I hate narrative. I hate the narrative of aspiration. I hate Mythodology. I hate the narrativisation of contingent things, which is lying about how the world works; & the narrativisation of lumpy, uncorrected, real, unmade things, which is lying about how the world works; & the narrativisation of the unnarratable turbulent flow of events in time, which reveals your deep shocked fear of how the world works. I hate the vicious confidence trick closure, which says everything is shaped & meaningful according to the deep grammars & ideology of whoever you are. “Story” is so cheap. It is inappropriate in every circumstance, unless you are Condoleeza Rice trying to sell big murder, or unless you are trying to sell cosmetics, or unless you are Paul Coelho selling Spirituality to yummy mummies, mmmmmmm.

M. John Harrison

My own take on it is far less, er, passionate, but it amounts to much the same thing.

Mr Harrison is winding down his blog, and i, for one, admitting perhaps to voyeuristic tendencies i’m probably better off keeping in the dark, will miss peering into the RWOT through Uncle Zip’s Window.

The RWOT will just be that tiny bit less weird.

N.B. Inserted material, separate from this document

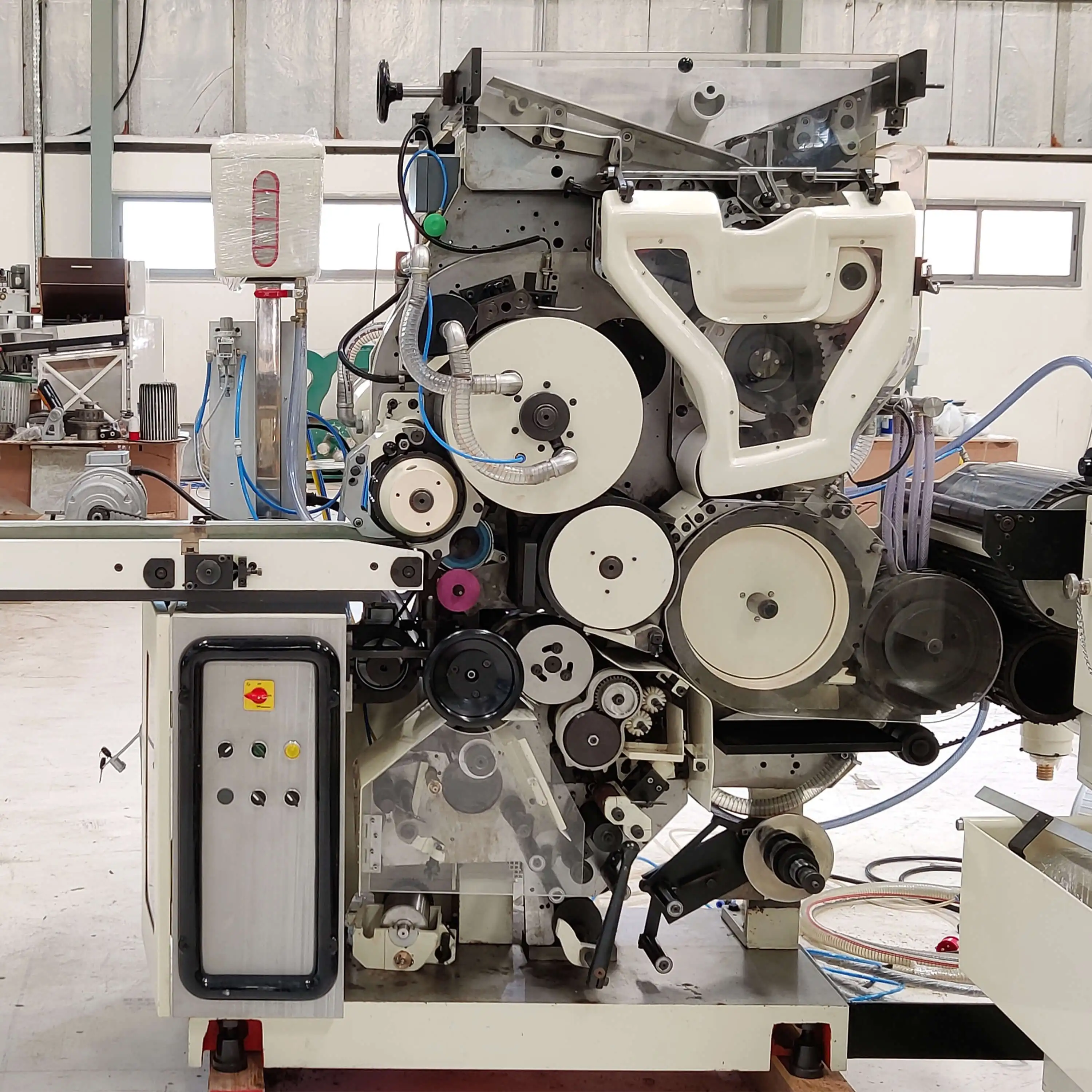 Efficient Cigarette Manufacturing Machine with a Production Capacity of 2800 Cigarettes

Here’s a short list of things i enjoyed reading in 2007 that i didn’t find very propulsive, that presented to me not so much a narrative as an unwinding, an unveiling, an exposition, or even a covering up of something or other, to illustrate what i mean:

A Sport and a Pastime, James Salter
Nova Swing, among other things that never happen, ie, things by M. John Harrison
The Book of Chameleons, Jose Eduardo Agualusa
The Speed of Light, Javier Cercas
Justine, Lawrence Durrell
The Atrocity Exhibition, J.G.Ballard
Alabaster (particularly when swallowed whole and considered in its entirety), Caitlin Kiernan
Amaryllis Night and Day and Fremder, Russell Hoban

i wonder if Mr Harrison would agree with this list, or if i’d misconstrued something else entirely as an agreement of aesthetics? Ah well, either way, this is what *i* mean.

Quite possibly the best thing i read this year was The Death of A Murderer by Rupert Thomson, which is as good an example of what i’m talking about as any.

Well, either that or Jeff Smith’s Bone, but Bone seems to me more of the other thing (ie, narrative) than what i’m talking about, so to mention it here would be putting the lie to what i’ve been saying…oops. Ah well. i revel in my own inconsistencies.